Coffin assault sentencing action needed to obliterate racism - Ramaphosa
Johannesburg - Deputy president Cyril Ramaphosa has welcomed the sentencing of the coffin assault duo, calling it a step in the right direction towards obliterating racism.
Speaking at an Oliver Tambo lecture in the Western Cape’s Dulah Omar region, Ramaphosa said the sentencing of Willem Oosthuizen and Theo Jackson are the "types of action from our courts, from our justice system that we will be able to demonstrate that we want to obliterate racism from the face of South Africa forever and that this country must be a non-racial country.
This, he said, was what Tambo stood for.
"We must also make sure that non-racism is also practised within our own movement. Within the ANC. We must demonstrate that we have embraced non-racialism completely," he added.
He said the country should reflect on how such hate crimes are possible and what can be done to change such attitudes that give right to them.
"We need to bridge the divide between South Africans by actively promoting engagement and understanding.

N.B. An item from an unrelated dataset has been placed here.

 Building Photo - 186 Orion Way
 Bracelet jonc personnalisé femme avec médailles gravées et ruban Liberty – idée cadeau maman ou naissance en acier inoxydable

We need also to bridge the economic divide between South Africans," he said.
The pair, Willem and Theo, were sentenced to 11 and 14 years respectively in the Middleburg Magistrate’s Court on Friday.
They were convicted of assault, attempted murder, kidnapping and intimidation charges for forcing Victor Mlotshwa into a coffin and threatening to pour petrol on him. The coffin was later burnt out and Jackson was also sentenced for defeating the ends of justice.
Judge Segopotje Mphahlele described their conduct as "humiliating and disgusting" when she imposed the sentences, News24 reported earlier.